Hey I think you’re pretty close to perfect <3 Try to smile and remember people love you (:Anonymous
See my URL is from a song. Seven Digit Pin Code, by the Format. It’s about a boy who followed a girl home, then took pictures of her undressing. This first part of the song is from the boy’s point of view. “and oh, take off your clothes. Stand by the window so I can see the scar that sits below your navel” That scar could be from a c-section, or it could be her navel itself (although that seems unlikely due to the fact it says below your navel). But I can sympathize with the boy. The boy has no social skills. He thought the girl was beautiful, but he didn’t know how to approach her. He saw her standing under a bar light, and he had to know her, haad to tell her she was beautiful, in the only way he knew how. “it’s hard to make a friend When it’s too hard to put down the lense” The boy was killed by the girl’s father. They foud his body in the river.
The second part of the song is from the girl’s point of view. It talks about how the boy ruined the last sixteen year of her life, those pictures were horrible. Her innocence was ruined.
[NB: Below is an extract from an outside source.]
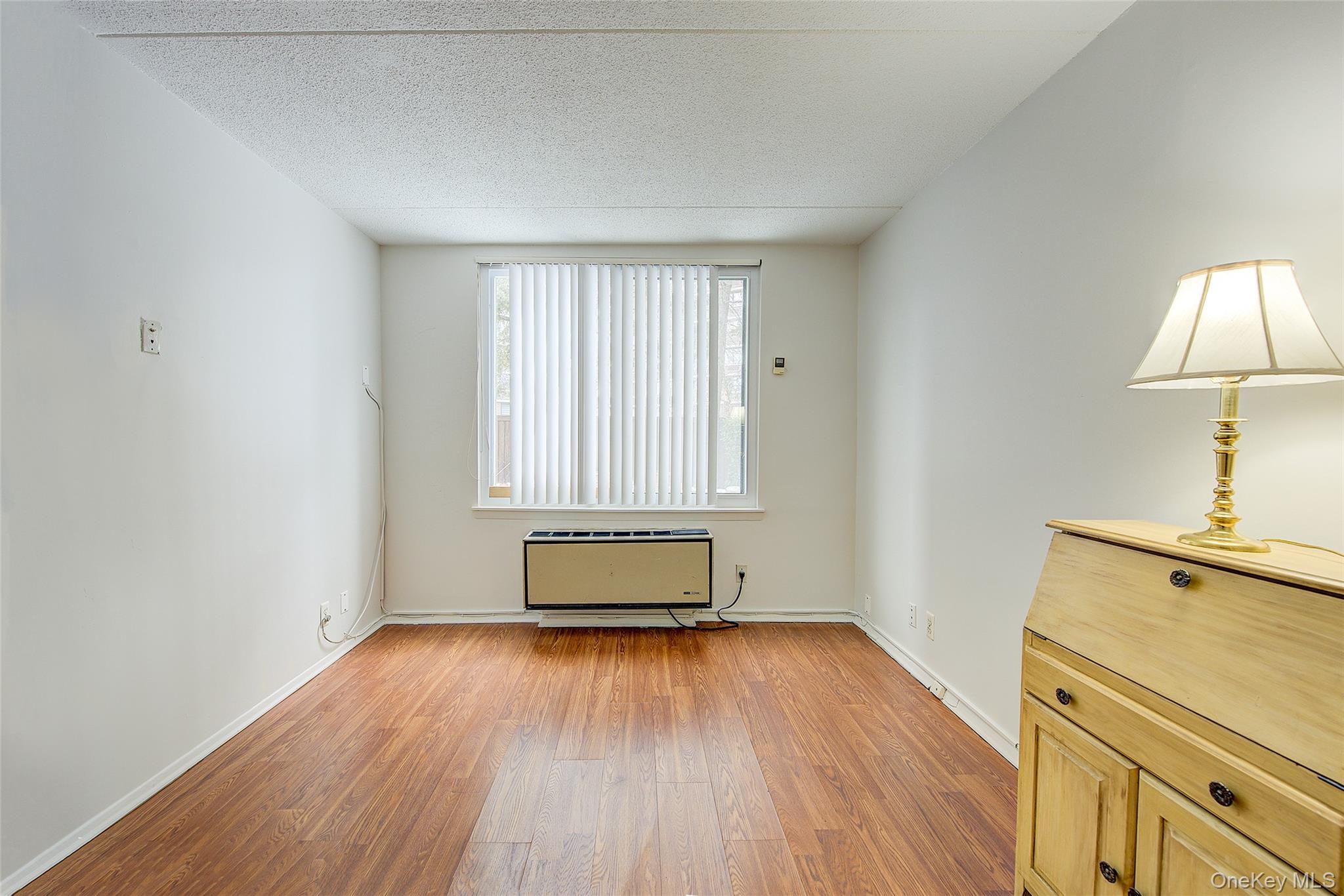 #20 photo, 209-33 26th Avenue, बेसाइड Bayside , NY 11360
It’s a tragic story for both sides, and I presume the girl feels like everything she touches dies. She is the root of this entire problem. But like me, she doesn’t believe in heaven, especially after this. “My innocence must have caught his eye” I know how she feels. I was violated. Believe me, it was not bad. It was over the clothes, and I thought the boy was cute and I was in seventh grade. But what he was doing was wrong and I asked him to stop and he did not. Even though it really shouldn’t be a big deal, it is. I am afraid to touch people now. That combined with all the other things, it is really bad. I get anxiety, and depression, and I feel alone, and lonely, and I often don’t feel I should live. And god damn it, I wish I believed in heaven. I wish I had some faith like that, something to hold onto so that no matter how bad things got, I would always have God and heaven to back me up. To know what happens after the death I have so often thought about. I don’t know what to believe in, I don’t have any thing to help me. I mean, I am trying to be in a religion. The Gods I believe in are the Greek gods. I do. I believe they can exist. But in a smaller part of my life, like they aren’t controlling everything. I believe in each and every one of us being in control of our own lives. But I believe that there are those gods out there that keep an eye on us. But I really don’t know. Maybe that is just a fifteen year old trying to get into heaven. I wish I believed in something like that. All of this is paper. It isn’t permanent. We are not invincible or infinite. But I wish I was.